7.2 If the Client is a consumer, nothing in these Terms limits, restricts, or modifies the Client's
rights or remedies against SCSA for breaches of statutory guarantees under the ACL.
7.3 If the Client resells the Goods to a consumer:
(a) if the Goods or services are not typically bought for personal, domestic, or household
use, SCSA's liability to the Client is capped at the amount specified in section
276A(1) of the ACL;
(b) if the Goods or services are typically bought for personal, domestic, or household
use, SCSA's liability to the Client is limited to the payment required under section
274 of the ACL, for any issues arising from the sale, installation, use, storage, or
any dealings with the Goods or Services.

7.4 If clauses 7.1 or 7.3 do not apply, then aside from what's stated in these Terms or any written
warranty, SCSA is not liable to the Client or any end consumer or customer of the Client for

any issues related to the sale, installation, use, storage, or any dealings with the Goods or
Services.
7.5 Neither party is responsible for any indirect or consequential losses or expenses suffered by
the other party or any third party, including but not limited to loss of turnover, profits, business,
or goodwill, or any liability to another party, except as mandated by the ACL.
7.6 The Client acknowledges:
(a) it has not relied on any service involving skill and judgment, or any advice,
recommendation, information, or assistance from SCSA concerning the Goods or
Services or their use or application;
(b) it has not disclosed, either explicitly or implicitly, to SCSA any specific purpose for
which it requires the Goods or Services, and it is solely responsible for ensuring the
suitability of the Goods or Services for its use;
(c) SCSA is not liable for any failure or defect in Goods made to Client's specifications
or Services performed by methods specified by the Client;
(d) SCSA is not liable for any incorrect or unsuitable use of the Goods by the Client or
any third party.

7.7 Nothing in these Terms is intended to exclude, restrict, or modify, or have the effect of
excluding, restricting, or modifying the application of any State or Federal legislation
applicable to the sale of Goods or the provision of Services that cannot be excluded, restricted,
or modified.
8. Defects
8.1 The Client must inspect the Goods on delivery and, within 7 days of delivery (time being of
the essence), notify SCSA of any alleged defect, shortage in quantity, damage or failure to
comply with the description or quote.

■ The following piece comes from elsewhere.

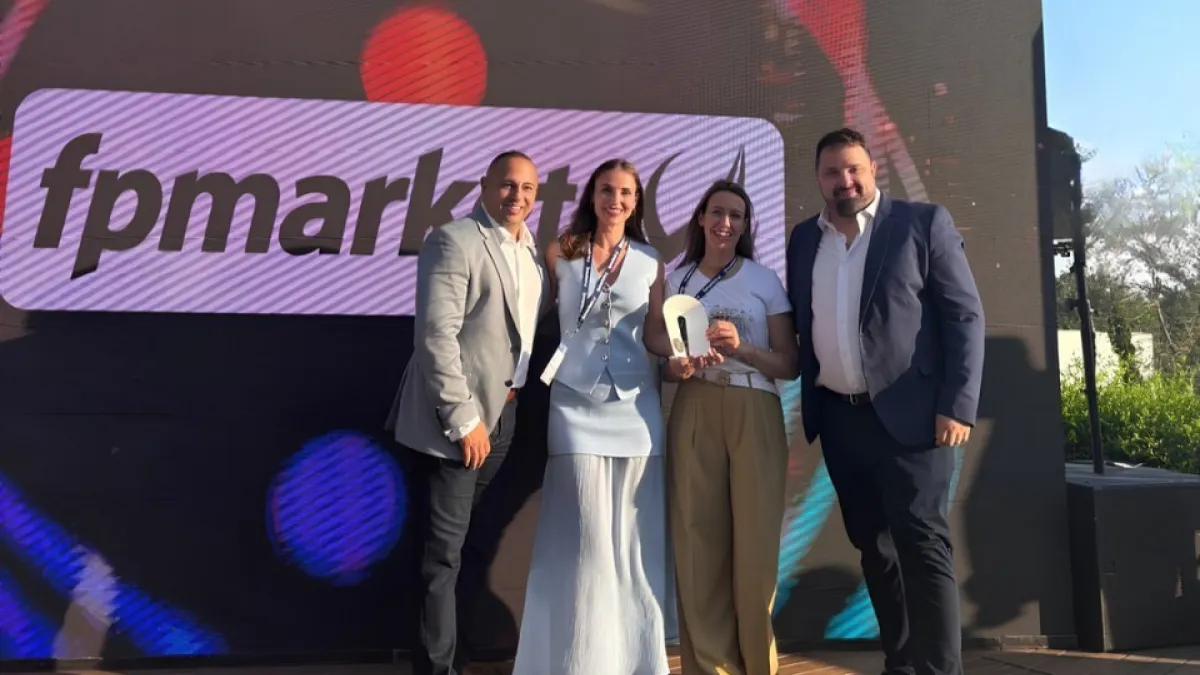 FP Markets Wins Most Trusted Broker at the Global UF Awards 2026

The Client must afford SCSA an opportunity to inspect
the Goods within a reasonable time following delivery if the Client believes the Goods are
defective in any way. If the Client fails to comply with these provisions the Goods will be
presumed to be free from any defect or damage. For defective Goods, which SCSA has
agreed in writing that the Client is entitled to reject, SCSA’s liability is limited to either (at
SCSA’s discretion) replacing the Goods or repairing the Goods except where the Client has
acquired Goods as a consumer within the meaning of the ACL and is therefore also entitled
to, at the consumer’s discretion either a refund of the Price of the Goods, or repair of the
Goods, or replacement of the Goods.
9. Warranty
9.1 Subject to clause 7 and the requirements of the ACL:
(a) for Goods not manufactured by SCSA, the warranty will be the current warranty
provided by the manufacturer of the Goods;
(b) SCSA will not be bound by, nor be responsible for, any term, condition,
representation or warranty other than that which is given by the manufacturer of the
Goods;
(c) for Goods manufactured by SCSA, the warranty will be 12 months from the End
User Invoice date.
10. Intellectual Property
10.1 When SCSA designs, draws, or develops Goods for the Client, the copyright and all other
intellectual property rights in these designs, drawings, and documents remains with SCSA,
and their use by the Client is subject to SCSA's discretion.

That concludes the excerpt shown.